For a given stepper motor design, torque production is primarily a function of current through the motor windings — the higher the current, the more torque the motor produces. But motor windings have two properties that limit current and, therefore, torque production. The first is inductance (L), which causes the winding to resist any change in the current running through it. The other is resistance (R), which limits the maximum amount of current that can be carried by the winding.

Together, these two properties determine the motor’s electrical time constant (τ_e), which is the time it takes for the current in the winding to reach 63 percent of its rated (maximum) value.

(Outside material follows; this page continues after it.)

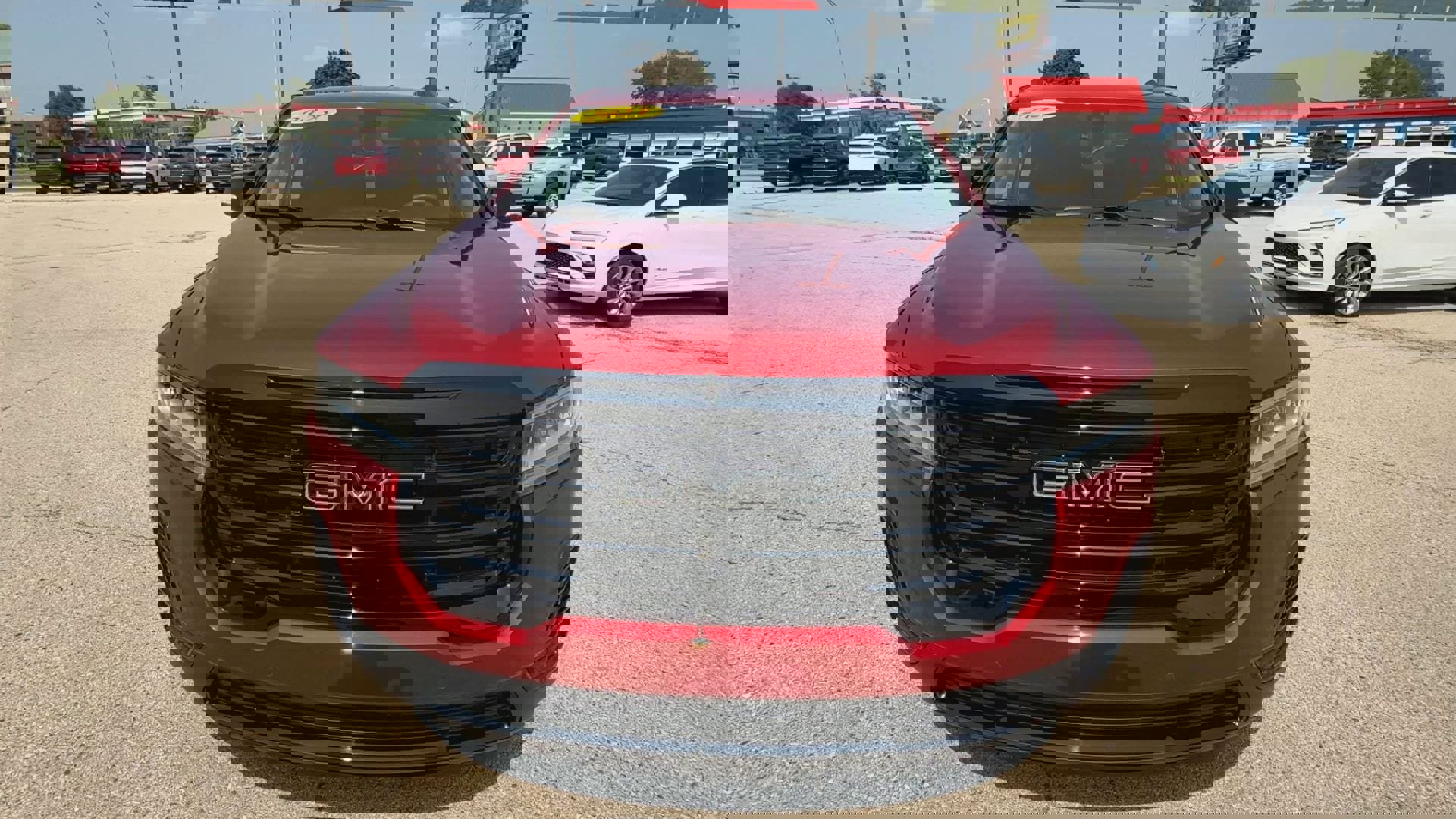 Used 2023 GMC Acadia SLE w/ Driver Convenience Package image 3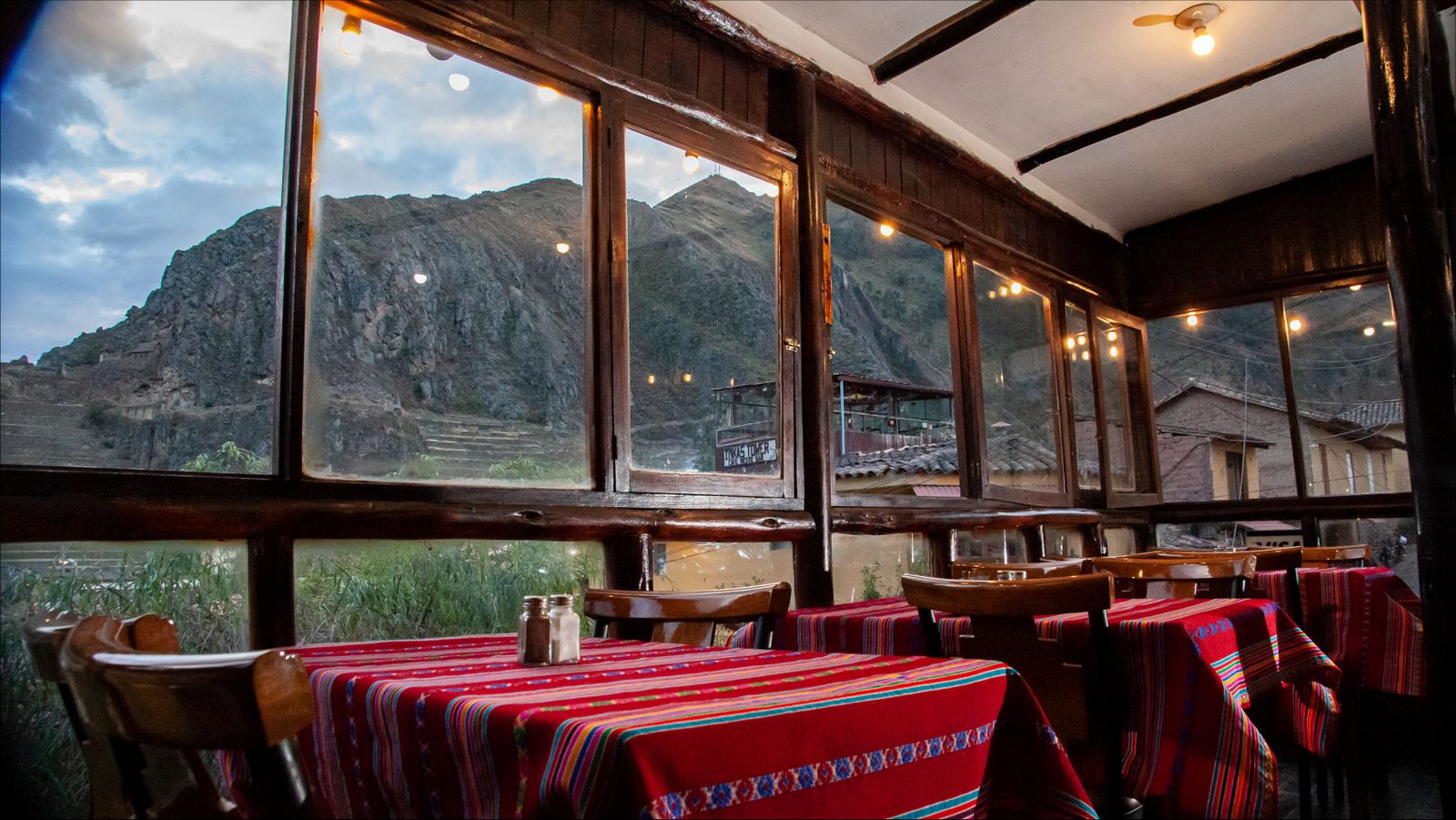 Restaurante con hermosa vista en Ollantaytambo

When the rate of voltage pulses delivered to the windings (and, hence, the motor speed) is slow, the windings have sufficient time to reach their rated current, and the motor can produce its rated torque. But when the rate of voltage pulses (motor speed) is high, the current in the windings doesn’t have sufficient time to reach its rated value, and torque production is compromised.

Another factor that limits stepper motor torque production at high speed is the rate of current rise in the windings (dI/dt), which is directly proportional to the applied voltage (V), and inversely proportional to the motor’s inductance (L).

To improve the rate of current rise, either the inductance of the windings (L) must be lowered, or the applied voltage (V) must be increased.

Lowering the winding inductance requires changing the motor’s design and/or manufacturing methods. Indeed, some manufacturers have made changes to their motor construction and manufacturing processes and now offer stepper motors with higher torque-speed characteristics than traditional designs. Examples of these changes include improved magnetic designs that increase the flux between the rotor and stator, increasing the number of pole pairs in the motor, and increasing winding density.

But for machine builders and end users, torque production for a given stepper motor can often be improved by using a chopper drive.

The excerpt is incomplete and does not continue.